Сегодня к нашей лаборатории приставили военных. К нам съезжается всё больше ученых со всей страны. Проводник мы уже изолировали, но он всё так же продолжает своё излучение. Его поля накрыли всю Москву. К нам свозят новых людей, затронутых этой болезнью. Из последних мне стало жалко молодого человека, который утверждал, что он девочка, что ему двенадцать лет и он просто хочет домой к маме.

Мы примерно поняли, что делает это излучение. Оно как-то пробивает все нейронные связи нашего мозга, смешивает их между собой. Создает компот из осколков памяти разных людей и обливает им наши мозги. Вокруг шум и гам. Все ходят с диктофонами, боятся забыть, что говорили буквально пять минут назад. Я смотрю на свои записи и не могу разобраться в них. Я уже не понимаю, из чего состоит атом, слово «электрон» становится для меня каким-то далеким, непривычным. Зато сегодня я заговорил на немецком. Я вдруг вспомнил, как мой папа вбивал мне этот язык с детства. Ну или чей-то другой папа.

Скоро нас станет совсем некому охранять. Уже два человека покинули свои посты. Один из них ходил по лаборатории, спрашивал нас, где припарковал свою машину. Я распечатал фотографию Риты. Так и не смог дозвониться до неё, мой пароль почему-то не подходит к телефону. Я боюсь забыть ее. Надеюсь, что воспоминания о любви хранятся в сердце, а не в голове.

День 13

Я Валерий. У меня есть жена Рита. Мы с ней познакомились в ВУЗе. Я помню её розовый кардиган, ей его связала бабушка. Она никогда не застегивала его, и когда шла, за ней следовали два розовых паруса. Казалось, они развеваются от ветра её радости, обдают счастьем всех людей вокруг. Я долго собирался подойти к ней, на одной из лекций присел рядом. У нее был самый красивый почерк, я всю лекцию смотрел как двигается её рука, как она изящно выводит буквы. В конце лекции она сказала: «Ты бы хотя бы переписывал за мной». А я только вытолкнул из себя: «А можно сейчас?». Она улыбнулась. Эти прекрасные ямочки на щеках веселят меня по сей день. И тогда я начал перпеписывать её конспект, но так и не дописал. Мы перешли к разговору, а потом к прогулке. А в конце мы завели кошку, которая тоже полюбила ее розовый кардиган. Я буду возвращаться в этот день бесконечное количество раз, пока эти воспоминания не станут гранитной глыбой в моём мозге.

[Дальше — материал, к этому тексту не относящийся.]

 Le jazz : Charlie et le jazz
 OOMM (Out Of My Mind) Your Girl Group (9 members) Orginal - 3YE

И буду каждый день перечитывать эти строки, даже если она забудет меня.

День 16

На углу стола стоит фотография какой-то красивой женщины. От её взгляда мне почему-то так тепло и так грустно. Захотелось посвятить ей какую-то композицию. В этом дневнике кто-то писал о Рите, наверное, её так и зовут. Значит назову композицию «Для Риты». Я же с детства не писал свою музыку, из-за этих концертов всё не было времени. Сейчас как-то спокойнее, я в больнице, вокруг люди в халатах. Доктора просто ходят кто куда, не отвечают на мои вопросы. Но мне почему-то не страшно одному. В голове уже звучит мелодия для неё, руки сами рождают ноты на листах. Мне бы хотелось, чтобы она её услышала, чтобы улыбнулась мне, поцеловала. Я так хочу её найти.

День ?

Нас подобрали у ВДНХ, куда-то везут. Только вчера прилетел из Турции, не успел выйти из самолёта, а уже гуляю в парке. Прилетел я зимой, на улице лето, от этого не по себе... Надеюсь меня везут в больницу, совершенно не могу вспомнить, как меня зовут. С собой у меня только чей-то дневник и фотография какой-то женщины. Возле меня плачет девушка, в истерике что-то говорит на французском. Я попробовал её успокоить, но она продолжает бить по стенкам автозака.

***

Мы не смогли доехать куда бы то ни было. Водитель чуть не попал в аварию. Говорит, что никогда не умел водить на механической коробке передач. Говорит, что его не учили и ему надо домой. Он просто убежал от нас. Второй полицейский дал нам листовку, на ней адрес какого-то центра, там сейчас собирают всех людей. Французская девушка убежала. Нас осталось трое.

День ?

У меня с собой только этот дневник. Никогда не любил писать. Делать нечего. Проснулся на какой-то военной базе. Кормят плохо. На сегодня всё.

День ?

Вокруг паника. Мне сказали, что так происходит по всему миру. Глобальное помешательство. Я тоже болен. Не узнаю себя в зеркале. Всё.

День 67

Я рад, что у меня есть этот дневник. Ну, точнее, у кого-то был этот дневник. Ведь когда-то я был журналистом, а может даже и сейчас я где-то журналист. Где-то там, далеко. Надеюсь, я правильно посчитал дни с первой записи. За информацию в этом дневнике меня бы разорвали на части все новостные агентства. Когда-то он принадлежал одному из виновников всего этого кошмара. Мне его нисколько не жаль. Никогда и подумать не мог, что человеческий мир закончится на моём веку. Столько раз писал об этих глобальных потеплениях, озоновых дырах, угрозе ядерной войны, сам во всё это не верил. Даже сейчас мне сложно осознать то, что происходит. Людям сложно, но кто-то привыкает. Это происходит незаметно, ты можешь заснуть в одном месте, а проснуться в другом. Но это если повезет. Большинство же засыпает в одном времени, а встаёт уже в новом.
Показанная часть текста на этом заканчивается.